- _Directions for this task_
In the listing below, find the line containing "The underlying surface" and the line containing "Hey guys, Andre". Repeat exactly those two lines and every line between them, nothing more.

————————

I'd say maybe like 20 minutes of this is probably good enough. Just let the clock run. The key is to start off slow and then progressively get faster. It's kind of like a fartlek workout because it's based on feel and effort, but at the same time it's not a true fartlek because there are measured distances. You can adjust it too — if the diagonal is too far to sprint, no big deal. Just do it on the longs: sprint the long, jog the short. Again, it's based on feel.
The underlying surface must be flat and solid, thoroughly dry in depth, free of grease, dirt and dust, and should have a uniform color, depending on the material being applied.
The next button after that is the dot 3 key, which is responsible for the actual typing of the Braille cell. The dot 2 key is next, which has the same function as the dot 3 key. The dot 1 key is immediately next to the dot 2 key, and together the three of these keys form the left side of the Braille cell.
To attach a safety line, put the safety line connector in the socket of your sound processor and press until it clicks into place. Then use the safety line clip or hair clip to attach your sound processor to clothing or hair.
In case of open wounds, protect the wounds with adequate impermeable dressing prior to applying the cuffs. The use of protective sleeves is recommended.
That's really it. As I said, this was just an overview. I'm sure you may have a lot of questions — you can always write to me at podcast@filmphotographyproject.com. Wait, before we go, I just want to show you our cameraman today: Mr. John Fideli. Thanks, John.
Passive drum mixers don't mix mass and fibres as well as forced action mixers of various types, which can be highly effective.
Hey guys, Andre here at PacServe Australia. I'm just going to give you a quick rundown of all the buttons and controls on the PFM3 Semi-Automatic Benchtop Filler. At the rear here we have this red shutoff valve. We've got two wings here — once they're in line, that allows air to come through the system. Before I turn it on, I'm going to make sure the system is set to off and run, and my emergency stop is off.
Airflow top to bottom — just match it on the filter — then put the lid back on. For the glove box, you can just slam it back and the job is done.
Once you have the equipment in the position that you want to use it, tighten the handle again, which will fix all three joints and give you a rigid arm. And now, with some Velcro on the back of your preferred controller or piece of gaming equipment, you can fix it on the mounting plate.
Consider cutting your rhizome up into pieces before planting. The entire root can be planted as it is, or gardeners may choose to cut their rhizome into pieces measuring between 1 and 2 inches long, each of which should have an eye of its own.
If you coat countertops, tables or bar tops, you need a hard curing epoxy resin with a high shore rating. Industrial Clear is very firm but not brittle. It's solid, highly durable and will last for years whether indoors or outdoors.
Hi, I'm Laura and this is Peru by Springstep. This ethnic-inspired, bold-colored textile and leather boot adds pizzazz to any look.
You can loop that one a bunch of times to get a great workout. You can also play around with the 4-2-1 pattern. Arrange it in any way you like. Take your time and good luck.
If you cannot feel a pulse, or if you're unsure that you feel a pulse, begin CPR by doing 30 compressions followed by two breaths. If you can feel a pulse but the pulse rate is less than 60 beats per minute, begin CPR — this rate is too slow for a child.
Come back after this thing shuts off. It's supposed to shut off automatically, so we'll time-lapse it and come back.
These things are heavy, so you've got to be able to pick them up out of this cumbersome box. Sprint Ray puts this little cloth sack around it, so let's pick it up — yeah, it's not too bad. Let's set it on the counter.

————————

- _Answer area_
The underlying surface must be flat and solid, thoroughly dry in depth, free of grease, dirt and dust, and should have a uniform color, depending on the material being applied.
The next button after that is the dot 3 key, which is responsible for the actual typing of the Braille cell. The dot 2 key is next, which has the same function as the dot 3 key. The dot 1 key is immediately next to the dot 2 key, and together the three of these keys form the left side of the Braille cell.
To attach a safety line, put the safety line connector in the socket of your sound processor and press until it clicks into place. Then use the safety line clip or hair clip to attach your sound processor to clothing or hair.
In case of open wounds, protect the wounds with adequate impermeable dressing prior to applying the cuffs. The use of protective sleeves is recommended.
That's really it. As I said, this was just an overview. I'm sure you may have a lot of questions — you can always write to me at podcast@filmphotographyproject.com. Wait, before we go, I just want to show you our cameraman today: Mr. John Fideli. Thanks, John.
Passive drum mixers don't mix mass and fibres as well as forced action mixers of various types, which can be highly effective.
Hey guys, Andre here at PacServe Australia. I'm just going to give you a quick rundown of all the buttons and controls on the PFM3 Semi-Automatic Benchtop Filler. At the rear here we have this red shutoff valve. We've got two wings here — once they're in line, that allows air to come through the system. Before I turn it on, I'm going to make sure the system is set to off and run, and my emergency stop is off.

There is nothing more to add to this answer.